This is quite a broad question regarding constructions of categories of sheaves in geometry.
Let $\textbf{Sch}$ denote the category of schemes. Let $\textbf{SchAff}$ denote the full subcategory of affine schemes. Recall that this category is canonically isomorphic to the opposite of the category of commutative rings, which we denote by $\textbf{ComR}$. To any $X\in \textbf{Sch}$, we have the Abelian category of quasi-coherent $\mathcal{O}_X$-modules, which we denote by $\mathbf{QCoh(X)}.$ For an affine scheme $Spec(R)$ this is just the category of $R$-modules. Pullback allows us to arrange all this data into a 2-functor:
$$f^*: \textbf{Sch}^{op} \rightarrow \textbf{Ab},$$
where $\textbf{Ab}$ denotes the 2-category of Abelian categories. If we restrict this functor to $\textbf{ComR}$ it is particularly easy to understand: it sends a ring to its category of modules and pullback is just tensor product.
This type of construction occurs all the time in geometry. For example, instead of quasi-coherent sheaves, we could take etale, or $\ell$-adic sheaves. If we restricted to smooth, complex schemes over $Spec(\mathbb{C})$ we could take $D$-modules. If we restrict to schemes over a finite field we could take arithmetic $D$-modules.
My first question is the following:
After strictifying, are all of these pullback functors right Kan-extensions from their restriction to commutative rings? If we took pushforward instead of pullback would they be left Kan-extensions?

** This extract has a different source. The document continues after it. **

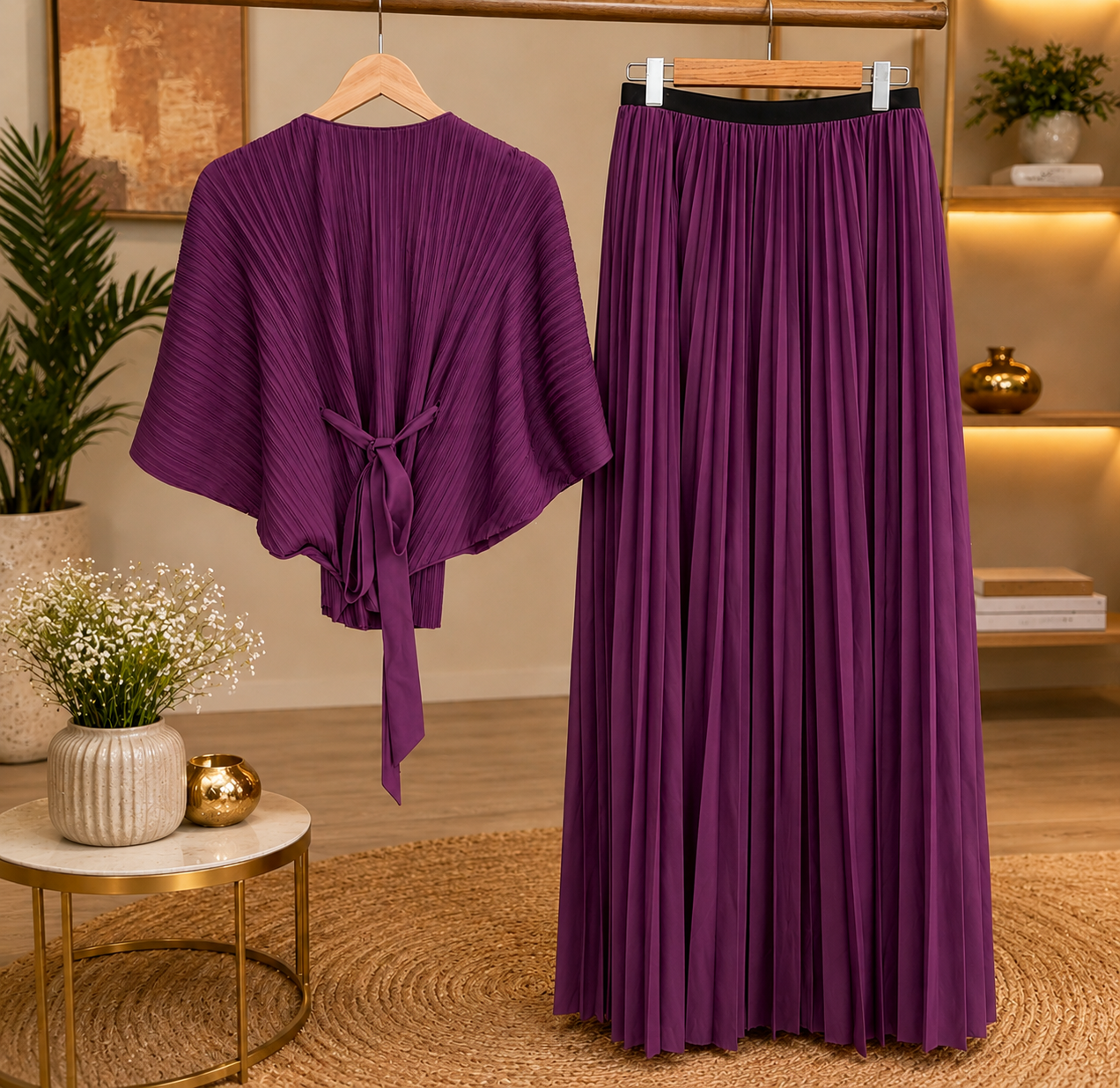 Elegant Orange Pleated Maxi Dress with Floral Waist Detailing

We could also beef things up to the derived world. For example, in the quasi-coherent case, pullback would give the $\infty$-functor:
$$f_{\infty}^*: N(\textbf{Sch}^{op}) \rightarrow \textbf{Stab}_{\infty},$$ $$\;\;\;\;\;\;\;\;\;\;\;\;\;\;\; X \rightarrow D(X),$$ where $\textbf{Stab}_{\infty}$ is the $\infty$-category of stable $\infty$-categories, $N(\textbf{Sch}^{op})$ is the nerve, and $D(X)$ is the ($\infty$-categorical) derived category of quasi-coherent sheaves on $X$.
As above, this basic construction can be carried out in many different settings.
My second question is the following:
Are all of these pullback $\infty$-functors right Kan-extensions (in the $\infty$-categorical sense) from their restriction to $N(\textbf{ComR})$?